As U.S. Attorney, his office successfully tried 85 insider trading cases before losing its first in 2014. Bharara’s office reached major settlements with big banks including Citibank and JPMorgan Chase.
NEW YORK – The Manhattan federal prosecutor fired by President Trump said Wednesday he believes the commander in chief eventually would have asked him to do “something inappropriate.”
Preet Bharara described a series of unusual interactions with Trump before he was fired as U.S. attorney for the Southern District of New York in March. He said they were so unprecedented he considered but decided against recording a conversation with the president that ultimately never took place. In an account of his controversial firing in his new weekly podcast, Bharara described how he repeatedly flagged to Justice Department officials the impropriety of a president calling him directly.
While Bharara said Trump seemed to be calling to simply “chit-chat,” he also voices concern about what would have happened if he kept his job.
“Had I not been fired, and had Donald Trump continued to cultivate a direct personal relationship with me, it’s my strong belief, that at some point, given the history, the president of the United States would have asked me to do something inappropriate, and I would have resigned then,” said Bharara. “I don’t know that for a fact. But that’s my strong belief.”

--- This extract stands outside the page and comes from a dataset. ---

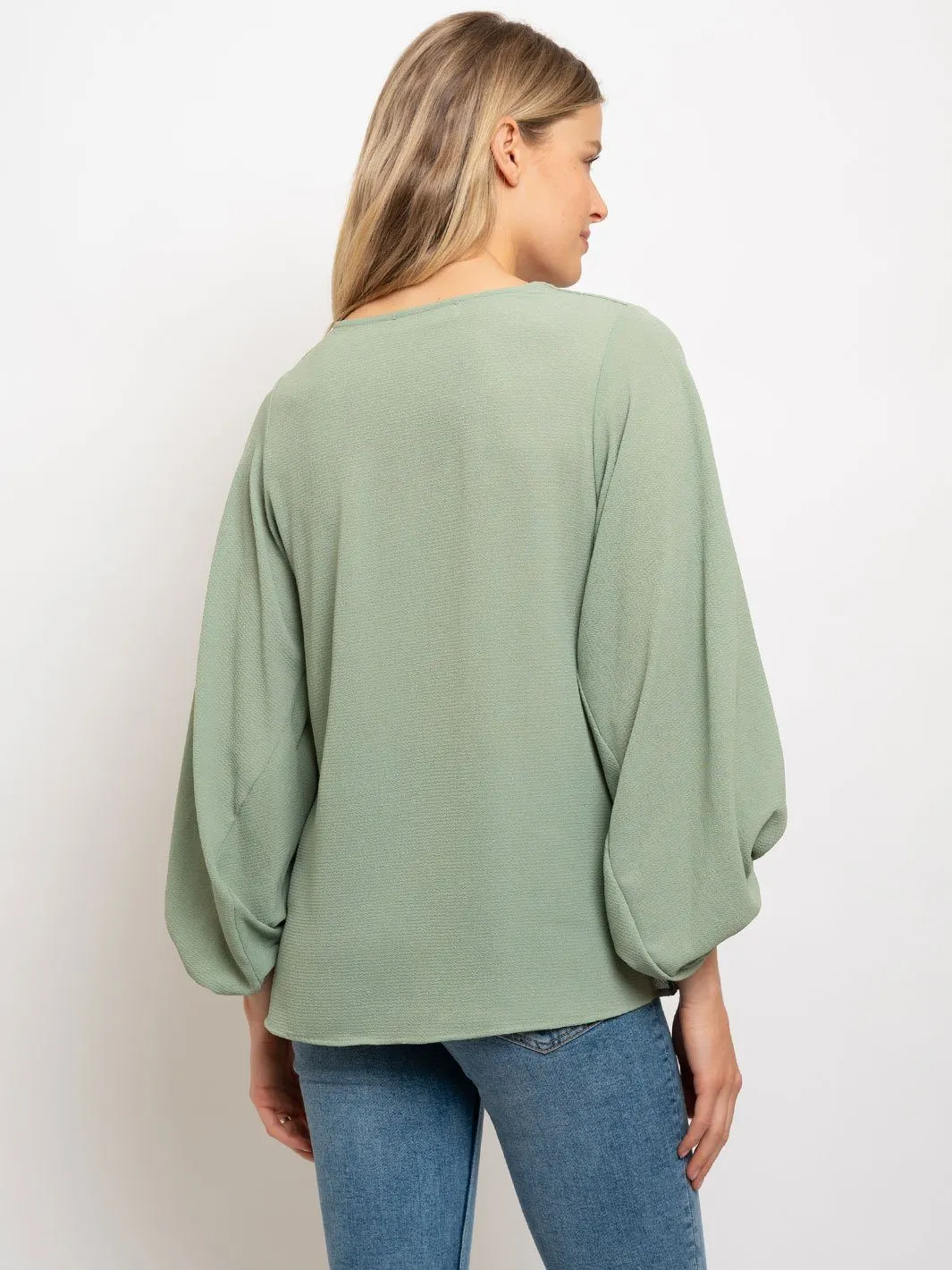WOMEN'S SOLID LONG SLEEVE V-NECK TOP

Bharara offered the most extensive public account yet of his firing in the first episode of “Stay Tuned with Preet.”
In a podcast installment aptly titled “That Time President Trump Fired Me,” the 48-year-old attorney said he did not know the exact reason for his dismissal.

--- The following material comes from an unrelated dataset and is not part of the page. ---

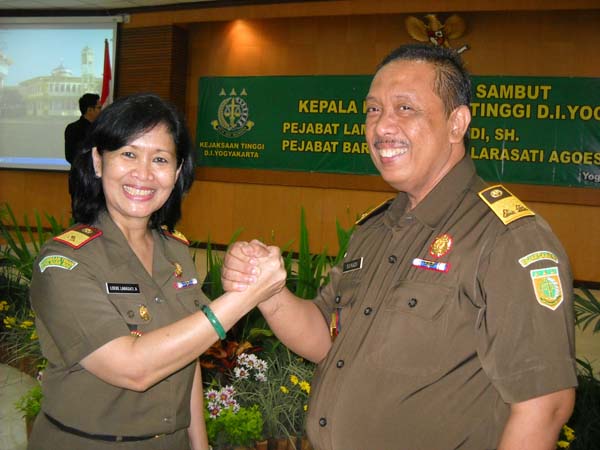 Loeke Larasati Jabat Kejati DIY " di desak tuntaskan Kasus dana hibah Persiba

Yet Bharara’s account offers a window into the way he said Trump — who is under investigation by a special counsel for possible obstruction of justice — has approached relationships with senior law enforcement officials.
Here’s the timeline, according to Bharara.

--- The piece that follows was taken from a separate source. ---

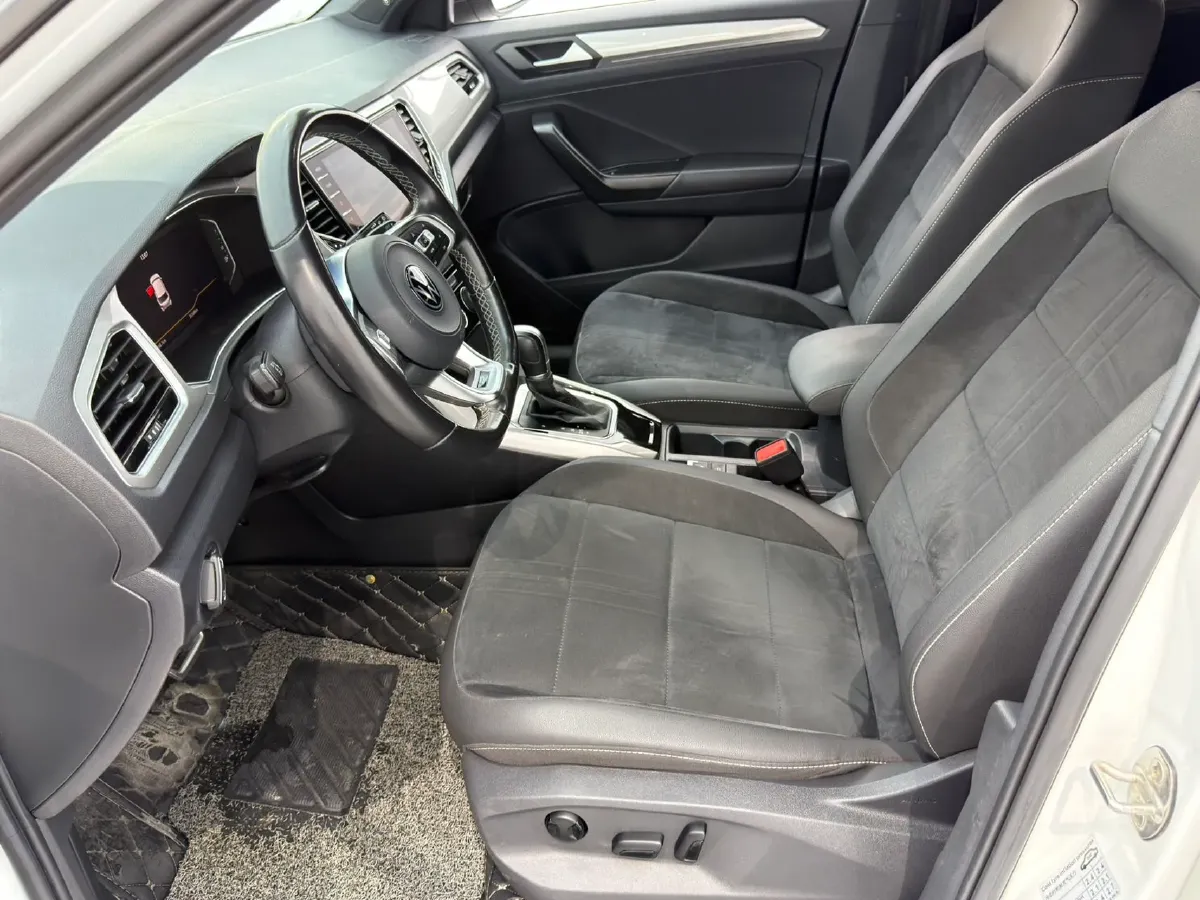 2022 Volkswagen T-Roc 1.4T 150HP L4 7DCT,autocango,china used car exporter,china ev exporter,chinese used car exporter,chinese used ev exporter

On Nov. 8, when Trump won the presidential election, Bharara said he started making his “bucket list.” New presidents usually dismiss U.S. attorneys from previous administrations, because the jobs are political appointments.
Yet eight days later, Sen. Charles Schumer, D-N.Y., his former boss, called to tell him Trump liked him, and wanted to meet him. On Nov. 30, Bharara traveled uptown from his Lower Manhattan office to Trump Tower on Fifth Avenue, where Trump asked him to stay. At one point, Trump pushed a yellow Post-it pad across his desk, and asked him to put his phone numbers on it, said Bharara.
“It was odd because, as a general matter, presidents don’t speak to United States attorneys,” Bharara said.
On Dec. 12, when Bharara was touring a Riker’s Island jail, Trump called him. He chose to return the call, but told the Department of Justice’s transition team — tasked with assisting the incoming administration — that he thought direct and casual phone calls with the president-elect would not be “the greatest thing in the world.” Trump called again on January 18 before the inauguration. This time, he just wanted to “shoot the breeze,” said Bharara, who accepted the call, but also briefed associates about it.
Yet when Trump sought to speak with him again in March, Bharara said the circumstances were different. Trump was now the president. “I presume lay people would think, ‘He’s kind of your boss. He asked you to stay. You serve at the pleasure of the president. Why not just call him back?’” Bharara said. That’s not how it works at the Justice Department, he said, where it’s important to have “not just independence, but the appearance of independence, and if something is happening behind the scenes … it can look terrible.”
Bharara said he wondered whether Trump was mindful of former U.S. attorney general Loretta Lynch’s private meeting with former president Bill Clinton while his wife, 2016 Democratic presidential nominee Hillary Clinton, was under criminal investigation for using a private email server while secretary of State. Trump was among those who criticized the meeting.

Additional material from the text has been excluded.